While remaining on the defendant's property, the agents summoned the Taylors, who subsequently came to the defendant's residence and confirmed that the items were those allegedly stolen. Thereafter, Chief Halver and Agent Wixson immediately contacted the Tribal Judge of the Fort Belknap Indian Reservation and obtained two warrants (hereinafter warrants A and B) authorizing them to conduct a search of the defendant's premises and vehicle. The tribal police officers who had accompanied Halver and Wixson remained on the defendant's premises until Halver and Wixson returned with the warrants.
*753 On the following day, three other warrants (warrants C, D and E) were obtained by Chief Halver and Agent Wixson to search defendant's property for marijuana plants (warrant C), other stolen property (warrant D) and a deer carcass (warrant E), all of which were observed by Chief Halver and Agent Wixson while they were executing search warrant A.
The defendant contends that the involvement of Agent Wixson made the search one which was federal in nature, hence mandating compliance with the proscriptions of Rule 41(a). The defendant maintains that since the warrants were issued by the Fort Belknap Tribal Judge, there was non-compliance with Rule 41(a), and the evidence seized pursuant to those warrants must be suppressed.
The government agrees that there was significant involvement of the federal government mandating compliance with Rule 41(a). The government further concedes that Rule 41(a) was not complied with since the Fort Belknap Tribal Court is not a court authorized to issue a federal search warrant under Rule 41(a). However, the government submits that the suppression should be limited to the items found after the officers' initial entry on the defendant's premises since the items of evidence which they observed at the time of the initial entry would still be admissible under the "plain view" doctrine.
II.
Rule 41(a) of the Federal Rules of Criminal Procedure provides:
A search warrant authorized by this rule may be issued by a federal magistrate or a judge of a state court of record within the district wherein the property or person sought is located, upon request of a federal law enforcement officer or an attorney for the government.
Whether Rule 41(a) is applicable to a particular search is dependent on whether the search may be categorized as "federal" in nature. A search must be deemed a federal search if a federal official had "a hand in it". Navarro v. United States, 400 F.2d 315 at 317 (5th Cir. 1968). Therefore, the decisive factor is the extent of involvement by a federal official in the total enterprise of securing and selecting evidence.

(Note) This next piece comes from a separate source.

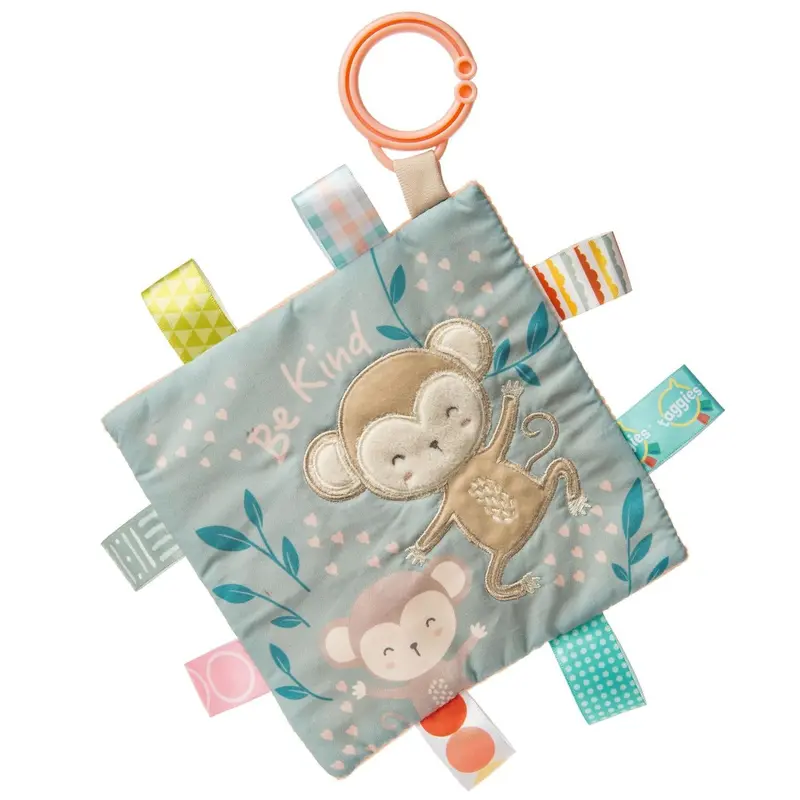 Taggies Crinkle Monkey: Tactile Toy With Crinkly Ears And Legs 1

In the present case, a federal official (i.e., Agent Wixson) was involved in the search at issue from its very inception. Therefore, this court concludes that the search was a "federal" search.
III.
Authority to issue federal search warrants exists only insofar as granted by the Federal Rules of Criminal Procedure and no further. Navarro v. United States, 400 F.2d at 319. Rule 41(a) authorizes federal magistrates or judges of state courts of record to issue federal search warrants. It is undisputed that the warrants at issue in the present case were not issued by a federal magistrate or a judge of a state court of record, but by the Judge of the Fort Belknap Tribal Court.
The question of whether a particular court is a state court of record is to be determined by state law. United States v. Hanson, 469 F.2d 1375 (4th Cir. 1972). In the State of Montana, the Supreme Court, the district courts, the municipal courts, and the court of impeachment are recognized as courts of record. § 3-1-102 Montana Code Annotated (1979). It is obvious that the Fort Belknap Tribal Court is not a state court of record and therefore is not authorized to issue a federal search warrant under Rule 41(a). As such, any evidence obtained pursuant to a search warrant issued by that court is inadmissible in a federal prosecution. See, United States v. Hanson, supra; United States v. Passero, 385 F.Supp. 654 (D.Mass.1974).
IV.
The government seeks to impress upon this court that even if the warrants at issue are found to fail because their issuance was invalid under Rule 41(a), suppression of the evidence seized should not be extended to those items observed by Chief Halver and Agent Wixson when they were on the defendant's *754 premises in the first instance. The government maintains that since the agents were legitimately on the premises, the items they saw fall within the "plain view" doctrine, and as such were subject to warrantless seizure. Although the objects were not immediately seized, but were seized after the invalid search warrant was obtained, the government maintains the validity of the seizure of the stolen objects observed in plain view is not negated.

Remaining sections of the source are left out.